Glendale, California Biographies

Dr. Harry B. Crocker

        Dr. Harry B. Crocker is a native son and was born in San Francisco, February 18, 1877, a son of Henry and Janet (McInnes) Crocker. His father was born in Louisiana, and his mother in Massachusetts. His grandfather, Henry Crocker, was a planter in Louisiana before the Civil War, and was killed while serving in the commissary department of the Confederate Army. His property was all confiscated and his wife died of grief shortly thereafter.

        Henry Crocker, the father of Dr. Crocker, came to California in 1866, and for many years was a reported on the Dramatic Chronicle (now the San Francisco Chronicle). He went to the Fraser River Gold Fields in British Columbia as representative of the Overland Monthly. Returning to San Francisco, he became identified with banking as an appraiser for the Clay Street Bank, and as such was sent to Sonoma county where he bought land before the railroad was built. Dr. Crocker was reared on the ranch in Sonoma County. He graduated from Healdsburg High School in 1894, and then attended Stanford University for three years, after which he graduated from California Medical College in 1900. While in Medical College he edited and published the California Medical Journal.
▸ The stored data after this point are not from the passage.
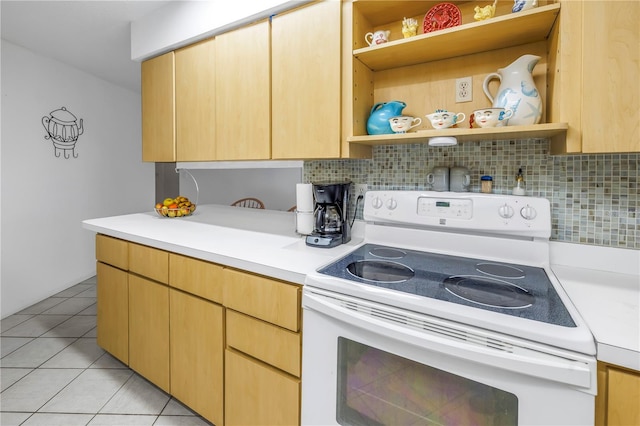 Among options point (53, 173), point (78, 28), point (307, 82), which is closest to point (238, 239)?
point (307, 82)

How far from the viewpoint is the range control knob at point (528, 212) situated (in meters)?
1.17

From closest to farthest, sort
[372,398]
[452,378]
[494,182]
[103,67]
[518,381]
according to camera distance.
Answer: [518,381] → [452,378] → [372,398] → [494,182] → [103,67]

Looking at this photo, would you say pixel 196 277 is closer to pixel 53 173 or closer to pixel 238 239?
pixel 238 239

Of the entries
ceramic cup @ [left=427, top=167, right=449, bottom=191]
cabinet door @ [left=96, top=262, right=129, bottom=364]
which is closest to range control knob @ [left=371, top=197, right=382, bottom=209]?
ceramic cup @ [left=427, top=167, right=449, bottom=191]

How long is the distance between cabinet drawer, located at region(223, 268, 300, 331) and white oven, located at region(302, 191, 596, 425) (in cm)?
7

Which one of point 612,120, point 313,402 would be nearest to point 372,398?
point 313,402

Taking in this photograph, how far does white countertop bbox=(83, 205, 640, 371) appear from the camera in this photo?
0.75 metres

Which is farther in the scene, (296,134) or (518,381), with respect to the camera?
(296,134)

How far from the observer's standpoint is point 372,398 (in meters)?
0.98

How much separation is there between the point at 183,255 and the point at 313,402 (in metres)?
0.88

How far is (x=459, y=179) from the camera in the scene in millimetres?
1385

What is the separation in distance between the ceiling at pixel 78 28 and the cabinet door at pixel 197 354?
1955mm

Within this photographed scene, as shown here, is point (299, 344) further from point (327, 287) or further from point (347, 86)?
point (347, 86)

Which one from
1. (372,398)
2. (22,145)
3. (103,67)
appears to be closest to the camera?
(372,398) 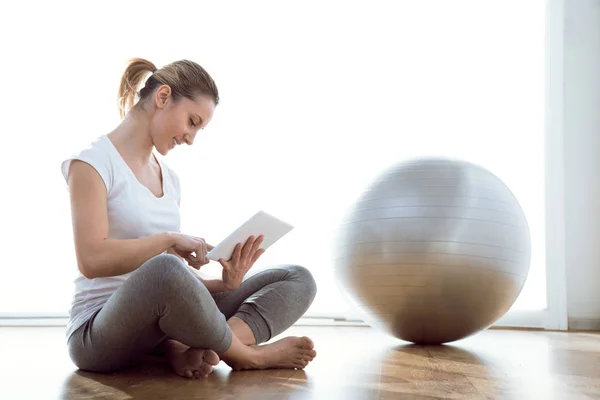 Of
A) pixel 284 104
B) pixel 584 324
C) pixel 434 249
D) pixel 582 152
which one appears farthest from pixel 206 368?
pixel 582 152

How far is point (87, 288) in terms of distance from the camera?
1831mm

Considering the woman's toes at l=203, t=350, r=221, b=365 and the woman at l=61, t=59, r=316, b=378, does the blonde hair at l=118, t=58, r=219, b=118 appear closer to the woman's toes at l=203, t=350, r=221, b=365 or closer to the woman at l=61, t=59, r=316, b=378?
the woman at l=61, t=59, r=316, b=378

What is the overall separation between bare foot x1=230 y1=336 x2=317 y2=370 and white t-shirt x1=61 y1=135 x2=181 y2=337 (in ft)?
1.27

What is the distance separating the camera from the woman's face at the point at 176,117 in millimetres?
1864

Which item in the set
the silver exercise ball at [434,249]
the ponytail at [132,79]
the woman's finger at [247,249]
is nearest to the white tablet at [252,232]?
the woman's finger at [247,249]

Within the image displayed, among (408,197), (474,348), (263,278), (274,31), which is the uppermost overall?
(274,31)

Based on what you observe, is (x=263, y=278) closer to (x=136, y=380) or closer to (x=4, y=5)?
(x=136, y=380)

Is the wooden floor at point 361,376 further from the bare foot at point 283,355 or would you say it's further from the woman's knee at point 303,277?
the woman's knee at point 303,277

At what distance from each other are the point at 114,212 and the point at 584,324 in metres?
2.63

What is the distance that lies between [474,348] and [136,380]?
1.30m

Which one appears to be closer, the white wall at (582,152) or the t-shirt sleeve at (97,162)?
the t-shirt sleeve at (97,162)

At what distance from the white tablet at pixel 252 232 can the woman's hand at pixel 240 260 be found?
0.5 inches

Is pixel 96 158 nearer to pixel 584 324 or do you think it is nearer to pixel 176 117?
pixel 176 117

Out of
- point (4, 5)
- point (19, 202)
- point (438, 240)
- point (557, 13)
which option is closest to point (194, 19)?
point (4, 5) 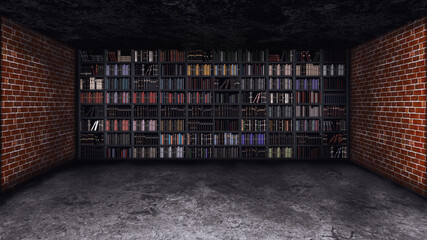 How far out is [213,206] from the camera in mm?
2719

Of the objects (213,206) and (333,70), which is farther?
(333,70)

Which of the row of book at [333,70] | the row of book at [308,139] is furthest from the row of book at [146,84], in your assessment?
the row of book at [333,70]

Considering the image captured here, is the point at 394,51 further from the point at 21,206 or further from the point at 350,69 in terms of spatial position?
the point at 21,206

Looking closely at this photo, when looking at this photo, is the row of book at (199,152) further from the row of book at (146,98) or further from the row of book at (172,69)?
the row of book at (172,69)

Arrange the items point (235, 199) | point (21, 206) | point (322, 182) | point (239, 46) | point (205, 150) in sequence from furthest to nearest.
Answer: point (205, 150) → point (239, 46) → point (322, 182) → point (235, 199) → point (21, 206)

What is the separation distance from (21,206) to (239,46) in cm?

After graduation he taught and lectured on Ophthalmology at the Medical College for three years. Returning to Sonoma County he sold the ranch the next year and built the Crocker Sanatorium at Healdsburg, which he operated until the earthquake of 1906. Becoming surgeon for the Eldorado Lumber Company at Placerville, he remained with that company for one year before coming to Los Angeles, where he practiced medicine and surgery for a time, then became surgeon for mining companies in New Mexico and for Francisco Villa in Old Mexico. This work gave him an opportunity to learn a great deal of Spanish and, in consequence thereof, he became valuable to the Department of Justice in securing information concerning pro-Germans and filibustering enterprises along the border. Later he was stationed at the Lankershim Hotel in Los Angeles, and in such capacity did splendid service for his country.

        In 1911, Dr. Crocker bought thirty-two acres of land from Francisco Verdugo, on North Verdugo Road, where he has since resided. He was one of the first to see the possibilities of the Verdugo Canyon and bought and developed his land there, in spite of the ridicule of many friends. He has seen the Canyon develop from a barren waste to one of the most desirable residential sections in Southern California. He has, in the interim, sold several building lots on which substantial homes have been built. The balance is platted and on the market, excepting a homesite which he reserved for himself, and on which he is now building a modern residence.

        Dr. Crocker married Inez Williams, at San Francisco, December 24, 1902. She is a native of Kentucky, and a daughter of Captain C. C. Williams of Chester, Illinois, a pioneer steamboat captain on the Mississippi River and one of the owners of the Anchor Line. They have one daughter, Marcia, age thirteen. Dr. Crocker is a Master Mason and his wife a member of the Eastern Star.

From History of Glendale and Vicinity by John Calvin Sherer. The Glendale Publishing Company, c. 1922 F. M. Broadbooks and J. C. Sherer. Pg. 433- 435. Photograph of Harry B. Crocker and family Pg. 433.